### Dataset extract ###

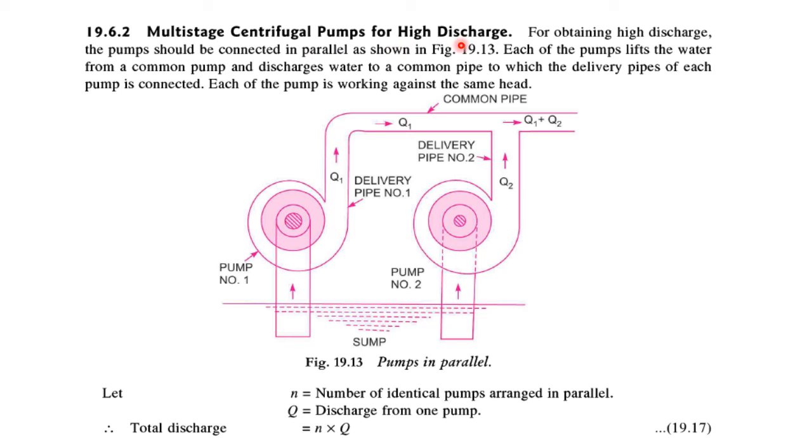In a multistage centrifugal pump for obtaining high discharge, the pumps should be connected in parallel as shown in this figure. Each pump lifts water from a common sump and discharges water into a common pipe to which the delivery pipe of each pump is connected. Each pump is working against the same head. If the number of identical pumps arranged in parallel is N and the discharge from each pump is Q, then the total discharge will be equal to N multiplied by Q, considering the same discharge from all the impellers.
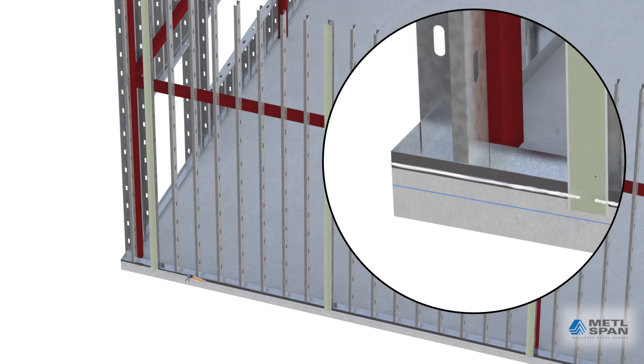Butyl sealant is then applied to the vertical leg of the stud track. This will seal the stud track to the back of the base support extrusion. Note the sealant gaps at the mending plate locations.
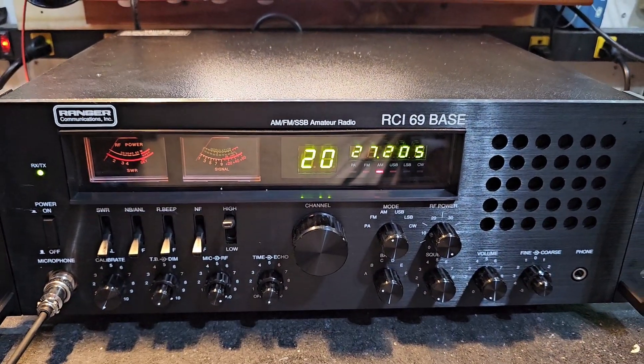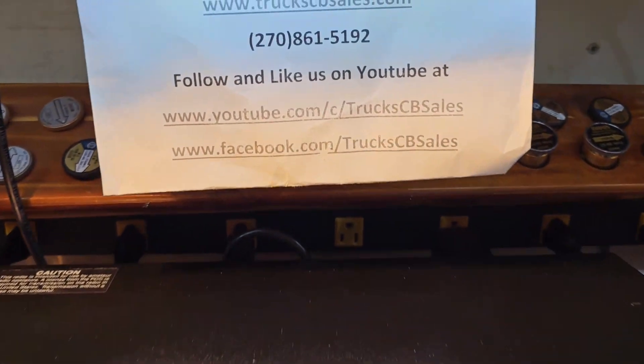All right, Robert, going to get it out to you, bud. I appreciate it. From your friend Truck at truckcbsales.com.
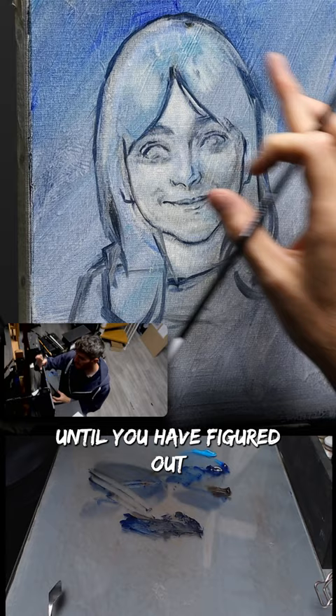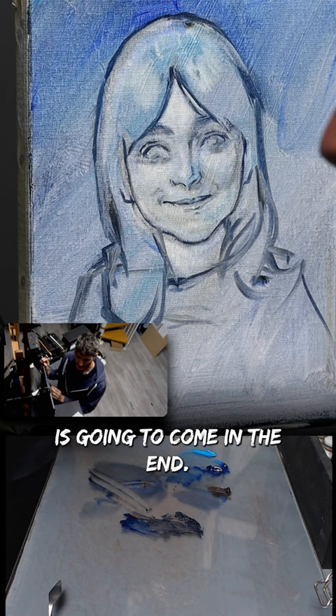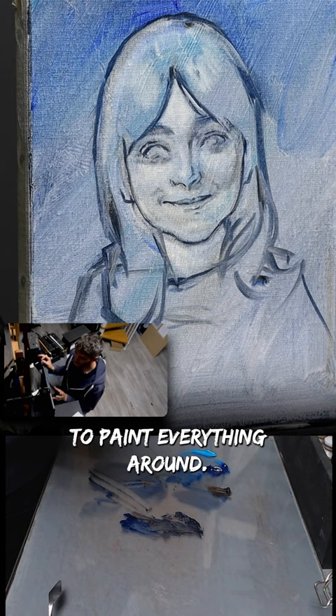You have to imagine that this is a giant puzzle and that you have to fit all the pieces together, and the eye is going to come in the end. If you start with the eye, it can become very complicated to paint everything around. It looks kind of weird right now because it's not done, but if you figure out the entire face first and then finish with the eyes, it's going to make your life much easier.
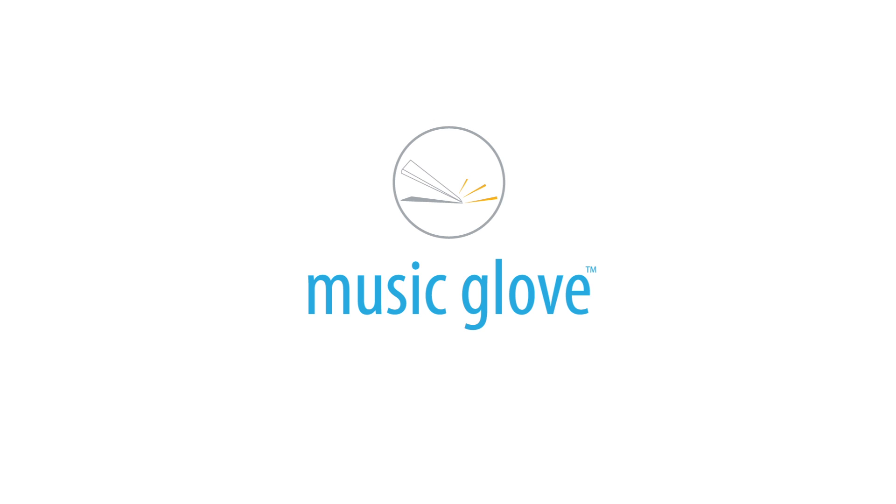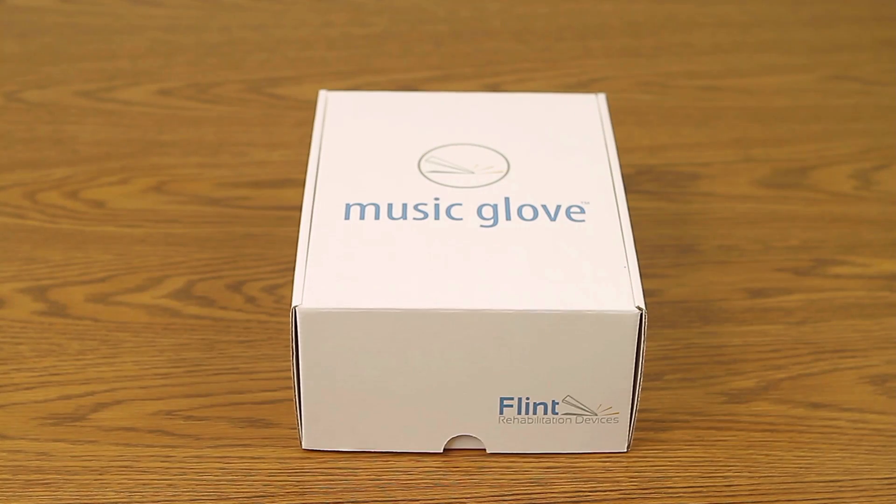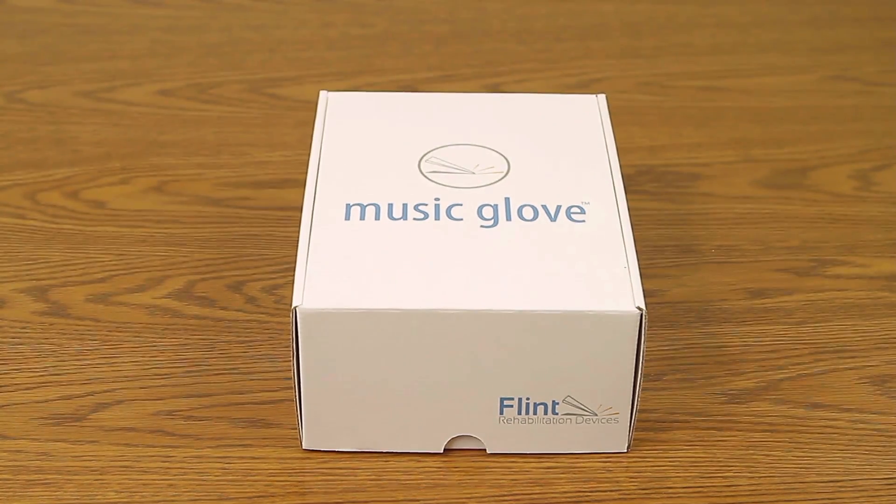This instructional video will walk you through how to properly set up and use the MusicGlove Home Suite. To get started, open the MusicGlove box and remove all the contents.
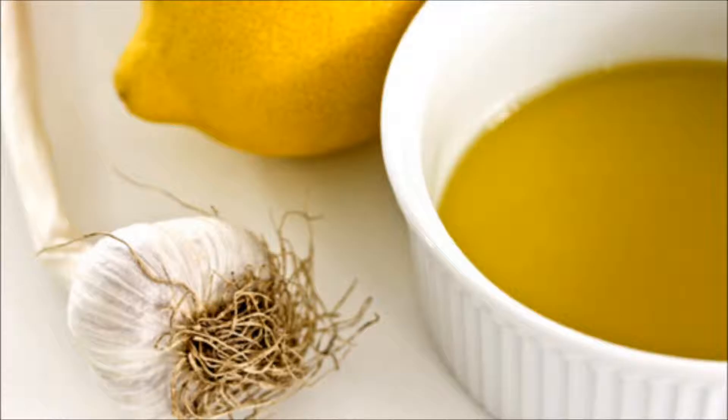Preparation: Dice the garlic cloves and clean them carefully. Cut the lemons into pieces. Grind both lemons and garlic. Put the ground paste mixture into a clean glass jar and pour the 3 liters of hot boiling water until it reaches the end of the jar. Cover and leave the mixture in the refrigerator for 3 days. After that, filtrate it and keep it refrigerated.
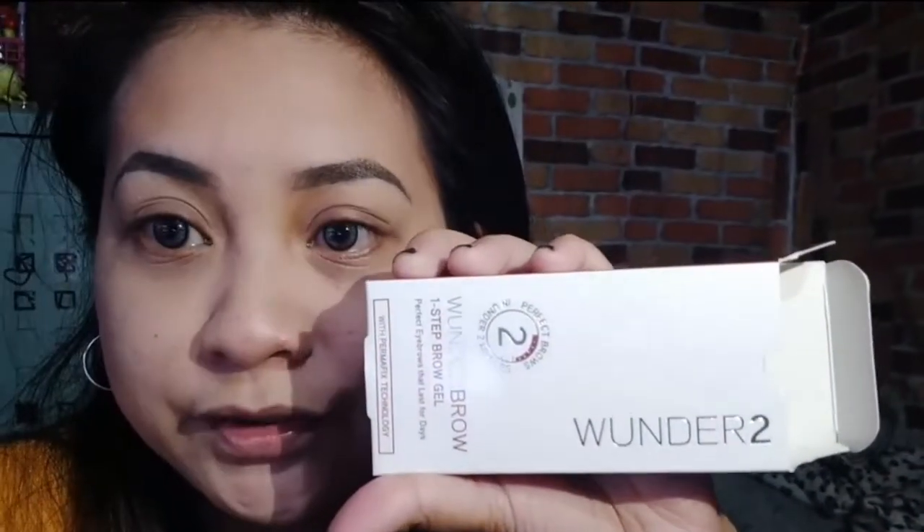Okay guys, ito na yung finished product niya. Medyo nahirapan ako — first time kong gumamit ng ganong klaseng pang-kilay. So first attempt, mukhang okay naman. Hopefully maayos natin siya in the next few days sa paggamit pa ulit. Again, this is the Wonder 2, and it's a brow gel — first time kong gumamit ng ganito. And it says here: 'Perfect eyebrows that last for days.' So perfect siya for tag-ulan.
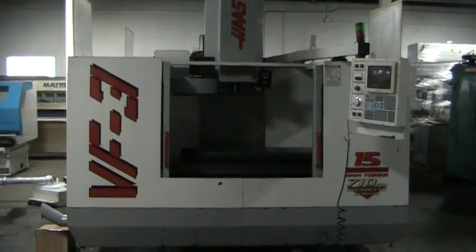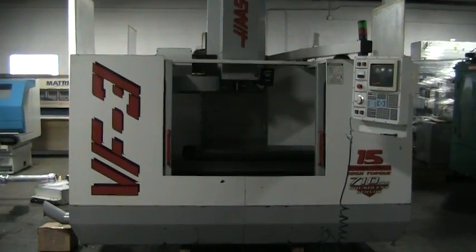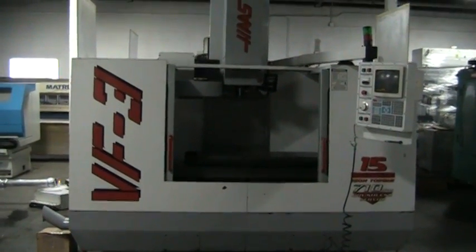This is the video inspection of the 1996 Haas VF3, manufactured in September of 1996.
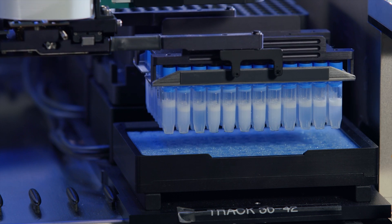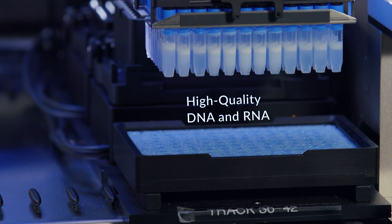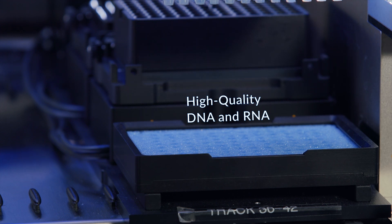This non-contact, temperature-controlled process ensures robust, high-quality DNA and RNA from the same sample, every time, for reliable downstream analysis.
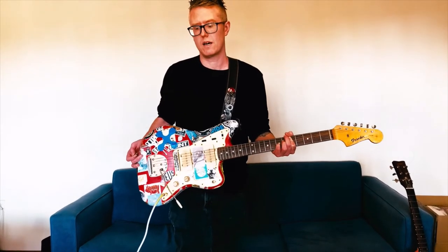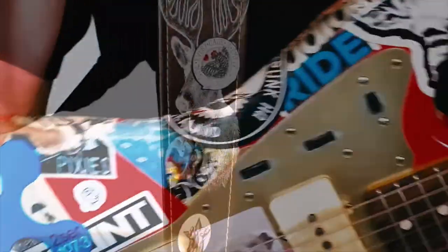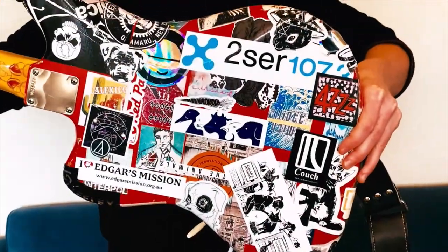It's our home-put-together jazz-type guitar, covered in an accumulation of stickers collected over the years, including our favorite radio stations and our dance.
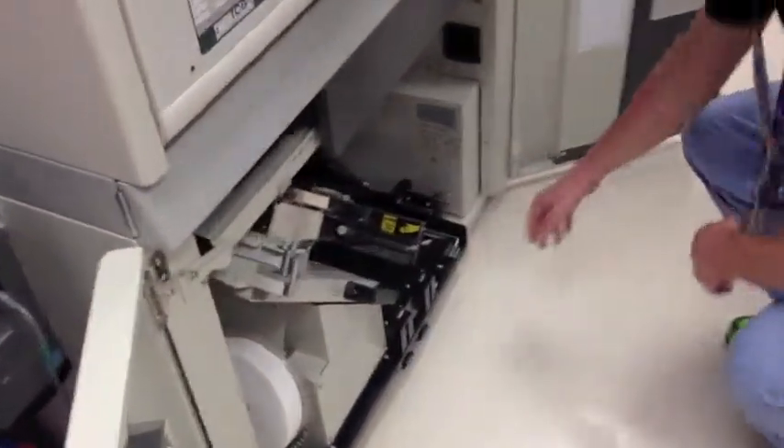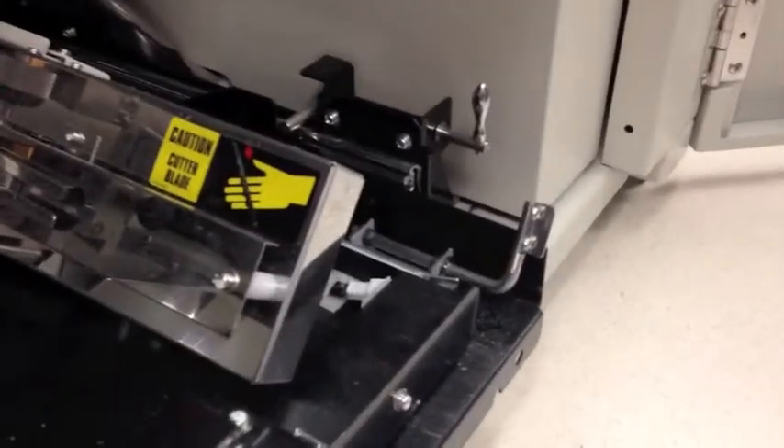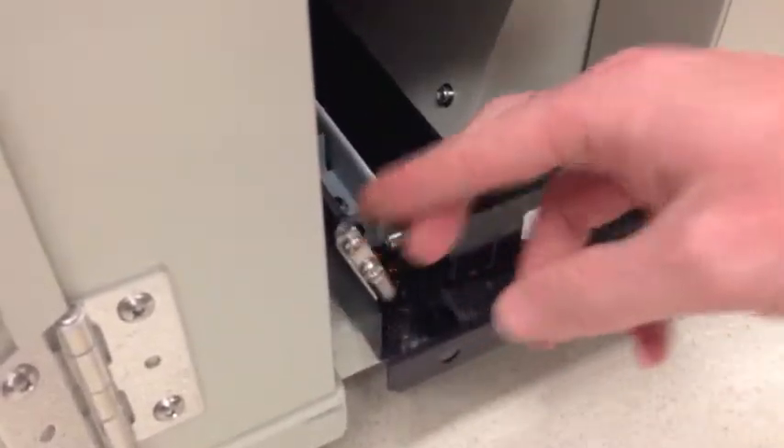Open the lower doors of the packager. Lift the lever at the right and at the left to release the LPU and its trolley.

###

Task to complete:
Copy the preceding data in full and word for word, dropping its pictures.

Your response:
In a multistage centrifugal pump for obtaining high discharge, the pumps should be connected in parallel as shown in this figure. Each pump lifts water from a common sump and discharges water into a common pipe to which the delivery pipe of each pump is connected. Each pump is working against the same head. If the number of identical pumps arranged in parallel is N and the discharge from each pump is Q, then the total discharge will be equal to N multiplied by Q, considering the same discharge from all the impellers.
Butyl sealant is then applied to the vertical leg of the stud track. This will seal the stud track to the back of the base support extrusion. Note the sealant gaps at the mending plate locations.
All right, Robert, going to get it out to you, bud. I appreciate it. From your friend Truck at truckcbsales.com.
You have to imagine that this is a giant puzzle and that you have to fit all the pieces together, and the eye is going to come in the end. If you start with the eye, it can become very complicated to paint everything around. It looks kind of weird right now because it's not done, but if you figure out the entire face first and then finish with the eyes, it's going to make your life much easier.
This instructional video will walk you through how to properly set up and use the MusicGlove Home Suite. To get started, open the MusicGlove box and remove all the contents.
Preparation: Dice the garlic cloves and clean them carefully. Cut the lemons into pieces. Grind both lemons and garlic. Put the ground paste mixture into a clean glass jar and pour the 3 liters of hot boiling water until it reaches the end of the jar. Cover and leave the mixture in the refrigerator for 3 days. After that, filtrate it and keep it refrigerated.
Okay guys, ito na yung finished product niya. Medyo nahirapan ako — first time kong gumamit ng ganong klaseng pang-kilay. So first attempt, mukhang okay naman. Hopefully maayos natin siya in the next few days sa paggamit pa ulit. Again, this is the Wonder 2, and it's a brow gel — first time kong gumamit ng ganito. And it says here: 'Perfect eyebrows that last for days.' So perfect siya for tag-ulan.
This is the video inspection of the 1996 Haas VF3, manufactured in September of 1996.
This non-contact, temperature-controlled process ensures robust, high-quality DNA and RNA from the same sample, every time, for reliable downstream analysis.
It's our home-put-together jazz-type guitar, covered in an accumulation of stickers collected over the years, including our favorite radio stations and our dance.
Open the lower doors of the packager. Lift the lever at the right and at the left to release the LPU and its trolley.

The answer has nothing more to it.